14 Si l’aspect explicitement désert du paysage urbain semble, à première vue, mettre en relief le caractère inhumain et dépeuplé de la ville, un tel espace se trouve néanmoins bel et bien peuplé d’ombres inquiétantes ; le terme de “désert” servant de pivot poétique à un certain nombre de mirages issus de l’imaginaire du narrateur. Dépaysement et exotisme deviennent en effet les deux nouvelles pierres d’édifice de cette ville, un espace qui prend bientôt les allures de territoire orientalisé, dont le seul point de repère s’incarne – à l’exemple de l’illustration produite par Pierre Le Tan pour la couverture de l’édition Gallimard – dans la gigantesque Pagode Chinoise donnant rue de Courcelles ; un monument qu’Ambrose ne cesse d’ailleurs d’épier tout au long de son itinéraire narratif, “se découpant sur le ciel rosé du crépuscule” (QP 37). Malgré la résonnance entre le paradigme du désert et la “désertion” employée par le narrateur de La Place de l’Étoile – qui invoque plusieurs fois cette expression en temps de guerre – Ambrose Guise, pour sa part, préfère abroger sa fuite (ou désertion) au Royaume-Uni dans l’espoir de se réapproprier un sentiment d’appartenance à la patrie natale. France du souvenir, France des racines, ce terrain aux innombrables (dés)illusions parcouru dans Quartier perdu sollicitera l’élucidation préalable d’un certain nombre de mystères, à l’instar du passé de nature criminelle du narrateur : “Reprendre pied dans le Paris d’autrefois. Visiter les ruines et tenter d’y découvrir une trace de soi. Essayer de résoudre les questions qui sont demeurées en suspens” (QP 29). Écrivain à succès dont le véritable nom est Jean Dekker, ce personnage aux allures d’Ulysse déchu parviendra, en définitif, à s’adapter à la masse indifférenciée des touristes ; magma informe qui semble désormais engloutir les habitants originels de la ville. La promenade urbaine de ce flâneur déraciné au sein des avenues dévastées participe, de la sorte, d’une esthétique du désœuvrement identitaire, nourrissant inlassablement l’espoir d’un retour possible aux sources.

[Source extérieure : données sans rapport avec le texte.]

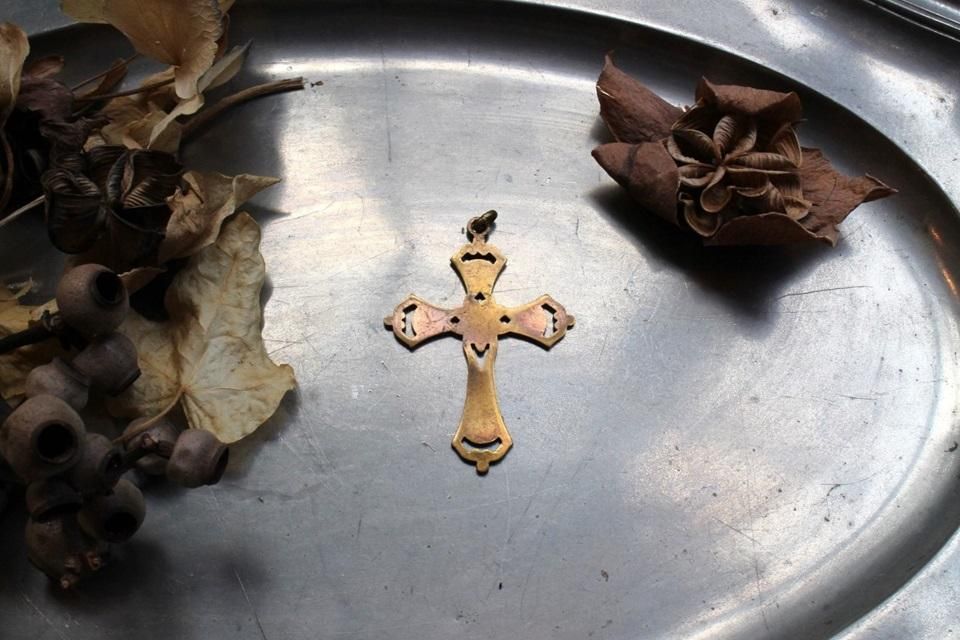 ե󥹡﫤ȥޥ桡ͤΥڥȥȥå 663804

La ville au présent : vers un effet ruine
15 Servant de fondation au caractère à la fois irréel et objectif de la réalité submergeant le narrateur, la ville fantôme fait ainsi corps avec cette figure en proie à l’étrangeté et la marginalisation. Différents projets de construction ont en effet eu lieu dans la capitale à partir des années 1960, programmes qui en outre sont venus altéré la topographie parisienne, ce qui interpelle fortement le narrateur de L’herbe des nuits. Paru en 2012, ce roman investit à nouveau le champ sémantique de la décombre, univers si fondamentalement implanté dans les paysages urbains de Modiano. À l’inverse d’Ambrose Guise, pour qui le recours à ce motif propulse un imaginaire d’envergure avant tout subjective – lui permettant d’évoquer de façon métaphorique son inaptitude à s’identifier avec l’espace de la ville, emblématique de son pays de naissance – le héros de L’herbe des nuits appréhende l’usure progressive de la toile de fond urbaine d’une manière relativement autre. Le personnage choisit à l’inverse de relater le spectacle du délabrement avec la méticulosité d’un documentariste, répertoriant les gravats et autres débris de la ville à l’intérieur d’un carnet noir, calepin qui devient progressivement le sujet principal de l’œuvre[21]. Évacués du surplus imaginaire amené par l’optique sensible du narrateur, les constructions en cours dans certains quartiers de Paris – délogeant bien souvent habitants et commerçants – viennent être immortalisées par le biais d’une trace écrite, et ce dans un inventaire impartial rassemblant les notes prises au sujet, par exemple, des différents chantiers en cours près de l’université de la Sorbonne Nouvelle ; une zone à venir qui semble, d’ailleurs, s’être momentanément transformée en un véritable champ de bataille :
Là-bas vers Monge, le bâtiment de la faculté, à moitié construit au fond du terrain vague, me semblait brusquement appartenir à une autre ville, un autre pays, une autre vie. (HN 21)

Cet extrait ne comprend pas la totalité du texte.